This document describes the architecture of services, as well as the list of all system services and their main features.
An application can expose four types of service:
- A main service, which is used as the default one
- Scoped services, which are used as interfaces for conventional tasks between applications which are not specific to the current one
- Integration services, which are used to interact with the system in specific ways (see the complete list)
- Driver services, which are used to interact with hardware devices through the
sys::hwservice.
A scope's name is made of up to 8 extended ASCII characters.
Applications exposing integration services get special recognition for the tasks associated to these services.
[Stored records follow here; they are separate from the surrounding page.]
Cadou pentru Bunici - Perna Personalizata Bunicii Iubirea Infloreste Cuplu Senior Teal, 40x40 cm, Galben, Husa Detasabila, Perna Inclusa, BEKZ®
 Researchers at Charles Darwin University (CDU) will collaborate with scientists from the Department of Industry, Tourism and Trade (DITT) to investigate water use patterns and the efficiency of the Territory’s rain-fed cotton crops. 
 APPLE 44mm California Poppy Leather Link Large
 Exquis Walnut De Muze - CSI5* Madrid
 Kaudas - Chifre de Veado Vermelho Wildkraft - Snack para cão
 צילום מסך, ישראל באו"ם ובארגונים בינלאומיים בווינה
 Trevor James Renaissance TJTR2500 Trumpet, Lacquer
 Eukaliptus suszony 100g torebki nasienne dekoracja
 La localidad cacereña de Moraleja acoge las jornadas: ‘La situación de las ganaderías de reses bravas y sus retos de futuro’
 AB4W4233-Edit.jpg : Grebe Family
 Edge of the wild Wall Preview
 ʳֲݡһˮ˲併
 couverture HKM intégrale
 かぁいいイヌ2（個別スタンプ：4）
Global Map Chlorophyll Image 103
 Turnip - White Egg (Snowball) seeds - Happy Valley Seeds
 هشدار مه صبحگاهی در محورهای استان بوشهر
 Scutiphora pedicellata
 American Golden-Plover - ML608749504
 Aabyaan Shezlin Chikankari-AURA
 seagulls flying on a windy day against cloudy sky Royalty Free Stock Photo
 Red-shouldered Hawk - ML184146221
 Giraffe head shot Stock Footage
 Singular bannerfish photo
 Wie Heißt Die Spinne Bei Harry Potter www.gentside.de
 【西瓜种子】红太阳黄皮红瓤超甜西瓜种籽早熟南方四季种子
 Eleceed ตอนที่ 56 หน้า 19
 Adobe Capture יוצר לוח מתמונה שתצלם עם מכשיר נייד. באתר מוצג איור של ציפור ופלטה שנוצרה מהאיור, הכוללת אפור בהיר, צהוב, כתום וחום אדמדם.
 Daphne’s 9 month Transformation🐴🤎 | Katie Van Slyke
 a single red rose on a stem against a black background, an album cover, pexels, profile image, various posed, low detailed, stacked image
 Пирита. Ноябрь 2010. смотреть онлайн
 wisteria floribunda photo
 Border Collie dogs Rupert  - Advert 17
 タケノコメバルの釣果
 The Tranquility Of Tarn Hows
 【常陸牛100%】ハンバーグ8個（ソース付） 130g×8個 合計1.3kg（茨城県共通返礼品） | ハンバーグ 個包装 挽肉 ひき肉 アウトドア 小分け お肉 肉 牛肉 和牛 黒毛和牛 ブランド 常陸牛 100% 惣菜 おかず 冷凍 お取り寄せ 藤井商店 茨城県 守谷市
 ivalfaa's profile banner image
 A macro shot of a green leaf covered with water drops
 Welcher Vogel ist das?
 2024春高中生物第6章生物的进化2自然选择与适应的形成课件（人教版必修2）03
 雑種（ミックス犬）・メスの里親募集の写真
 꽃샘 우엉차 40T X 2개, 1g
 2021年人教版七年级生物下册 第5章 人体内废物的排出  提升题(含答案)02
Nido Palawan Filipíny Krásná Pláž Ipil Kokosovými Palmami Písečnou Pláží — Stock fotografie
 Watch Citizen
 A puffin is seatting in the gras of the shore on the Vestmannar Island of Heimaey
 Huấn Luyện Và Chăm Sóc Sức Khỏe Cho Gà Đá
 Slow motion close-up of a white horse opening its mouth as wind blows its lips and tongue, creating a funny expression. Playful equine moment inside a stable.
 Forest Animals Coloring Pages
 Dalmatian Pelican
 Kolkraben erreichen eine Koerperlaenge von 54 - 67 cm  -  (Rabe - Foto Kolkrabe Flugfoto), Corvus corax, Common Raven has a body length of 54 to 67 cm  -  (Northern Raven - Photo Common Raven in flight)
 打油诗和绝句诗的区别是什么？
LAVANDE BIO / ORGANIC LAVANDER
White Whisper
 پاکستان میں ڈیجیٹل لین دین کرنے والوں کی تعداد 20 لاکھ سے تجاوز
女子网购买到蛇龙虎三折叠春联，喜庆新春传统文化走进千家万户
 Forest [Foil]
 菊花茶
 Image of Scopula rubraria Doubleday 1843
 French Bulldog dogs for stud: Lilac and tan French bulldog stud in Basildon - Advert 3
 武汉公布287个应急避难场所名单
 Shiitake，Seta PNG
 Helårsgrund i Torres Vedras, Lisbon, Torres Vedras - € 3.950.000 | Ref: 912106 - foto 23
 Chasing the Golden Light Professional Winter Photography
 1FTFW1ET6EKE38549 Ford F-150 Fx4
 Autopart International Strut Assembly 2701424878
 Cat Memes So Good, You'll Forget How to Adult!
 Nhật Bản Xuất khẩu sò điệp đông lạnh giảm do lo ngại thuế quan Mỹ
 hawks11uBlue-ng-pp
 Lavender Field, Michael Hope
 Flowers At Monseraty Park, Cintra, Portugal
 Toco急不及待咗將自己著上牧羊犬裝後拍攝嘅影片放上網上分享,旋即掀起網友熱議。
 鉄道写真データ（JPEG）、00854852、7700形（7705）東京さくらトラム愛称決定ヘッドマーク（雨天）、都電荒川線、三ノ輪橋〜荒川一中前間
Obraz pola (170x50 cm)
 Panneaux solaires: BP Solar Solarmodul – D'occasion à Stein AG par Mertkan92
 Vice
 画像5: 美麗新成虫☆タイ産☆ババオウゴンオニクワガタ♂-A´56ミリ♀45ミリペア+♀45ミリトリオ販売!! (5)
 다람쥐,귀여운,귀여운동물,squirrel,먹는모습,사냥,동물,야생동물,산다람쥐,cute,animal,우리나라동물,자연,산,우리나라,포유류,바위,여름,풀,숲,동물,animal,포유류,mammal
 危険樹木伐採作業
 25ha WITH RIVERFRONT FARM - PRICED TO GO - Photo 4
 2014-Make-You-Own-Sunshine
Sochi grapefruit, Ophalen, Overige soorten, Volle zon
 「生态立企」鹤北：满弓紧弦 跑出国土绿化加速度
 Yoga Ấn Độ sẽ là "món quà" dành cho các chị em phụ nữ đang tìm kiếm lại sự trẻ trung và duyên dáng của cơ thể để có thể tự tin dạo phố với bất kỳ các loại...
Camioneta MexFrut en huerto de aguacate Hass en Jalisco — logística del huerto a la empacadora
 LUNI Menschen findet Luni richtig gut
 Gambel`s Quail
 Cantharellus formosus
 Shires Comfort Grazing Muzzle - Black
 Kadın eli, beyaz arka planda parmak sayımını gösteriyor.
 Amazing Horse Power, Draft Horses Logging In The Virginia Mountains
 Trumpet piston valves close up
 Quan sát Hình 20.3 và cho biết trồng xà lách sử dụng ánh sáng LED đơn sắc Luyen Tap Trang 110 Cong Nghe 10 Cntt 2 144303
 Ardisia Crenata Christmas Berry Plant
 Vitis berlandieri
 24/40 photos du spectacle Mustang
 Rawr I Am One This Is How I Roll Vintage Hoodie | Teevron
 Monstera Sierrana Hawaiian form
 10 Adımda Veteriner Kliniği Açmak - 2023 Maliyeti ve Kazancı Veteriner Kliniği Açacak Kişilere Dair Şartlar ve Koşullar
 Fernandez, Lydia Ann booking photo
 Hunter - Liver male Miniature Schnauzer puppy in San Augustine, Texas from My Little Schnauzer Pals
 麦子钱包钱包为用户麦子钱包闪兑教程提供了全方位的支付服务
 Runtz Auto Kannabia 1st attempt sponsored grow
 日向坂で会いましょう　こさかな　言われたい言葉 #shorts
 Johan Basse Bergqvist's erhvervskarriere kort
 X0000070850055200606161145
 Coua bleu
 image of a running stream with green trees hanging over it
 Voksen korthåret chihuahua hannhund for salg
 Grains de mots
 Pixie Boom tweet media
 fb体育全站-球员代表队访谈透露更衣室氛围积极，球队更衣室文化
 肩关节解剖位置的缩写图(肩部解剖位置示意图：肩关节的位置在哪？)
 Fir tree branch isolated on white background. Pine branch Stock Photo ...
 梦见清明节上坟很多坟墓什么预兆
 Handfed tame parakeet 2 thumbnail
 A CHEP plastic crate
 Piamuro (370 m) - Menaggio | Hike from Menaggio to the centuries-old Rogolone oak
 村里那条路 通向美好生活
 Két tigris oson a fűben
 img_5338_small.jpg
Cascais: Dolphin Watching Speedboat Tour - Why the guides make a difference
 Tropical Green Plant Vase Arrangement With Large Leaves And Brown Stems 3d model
These services are not available directly to the end applications ; they can only be used through system services.
Applications have exactly one running process per service, and each service has exactly one running instance per active user, to prevent a user to connect to the service of a user with more privileges than itself. System services, on their side, only have one global instance.
An application process can tell if it was started as a service or not by looking at its execution context.
Once a service process indicates it's ready using the READY syscall, other processes will be able to connect to this service.
A connection essentially consists of a service socket between a service and another process called its client.
When a process wants to connect to a service, it uses the CONNECT_SERVICE to send a connection request to this service.
The service process then receives the request through the SERVICE_CONN_REQUEST.
It is expected to answer under a short delay specified in the registry's system.processes.service_answer_delay key (2000 ms by default).
If the service refuses the connection, it provides its answer through the REJECT_SERVICE_CONN syscall, and the procedure stops here.
Else, it accepts it through the ACCEPT_SERVICE_CONN syscall. A new thread is then created in the service's process, and the signal returns with a code indicating if the current thread is the one that was just created.
The service and its client(s) communicate through the service socket created during the connection.
The different message formats a client can send to a service are a called the service's methods, while the different message formats the service may send to a client are called the service's notifications.
A service process' main thread is called its dispatcher threads, while threads created using the ACCEPT_SERVICE_CONN syscall are called client threads.
The service cannot terminate a connection by itself.
If a client thread terminates brutally, the SERVICE_SERVER_QUITTED signal will be sent to its client.
Only clients can properly close a connection to a service, using the END_SERVICE_CONN syscall. The service socket is then immediatly closed (on both the client and the thread's side).
The service then receives the SERVICE_CLIENT_QUITTED signal.
If the client terminates brutally (before the connection was properly ended), the client thread receives the SERVICE_CLIENT_CLOSED signal.
When a client thread receives on these two signals, it is expected to end as soon as possible (though there is no time limit).
System services are run by the system and get access to special system calls and signals that aren't available otherwise.
They also have a specific process identifier (PID) to identify them easily.
You can find the list of all system services in the related directory.
An application can enable communication to and from other applications using a service.
For instance, let's consider two applications, A and B. If A wants to be able to be contacted by other applications (such as B), it sets up a service and subscribes to it. Then, when B sends a message to the service, it is forwarded to A through a notification by the service itself.
It can also work the other way: B subscribes to the service, and when A wants to contact B, it simply sends a message to B.
The downside of this structure is that latency is approximately doubled compared to a direct A-B communication. But as they use messages and notifications, which are based on hardware interrupts, the latency is extremely low, mainly composed of the time the kernel spends to ensure the communication between A and the service and then the service and B (or the other way around) is allowed.
Although this method works fine for small pieces of data, it isn't suited for transmitting large chunks in a performant way. For that purpose, A can share a memory segment with the service, who shares it in turn to B (with restricted permissions if required).
Note that this only applies to different applications ; processes from a same application can communicate directly through IPC.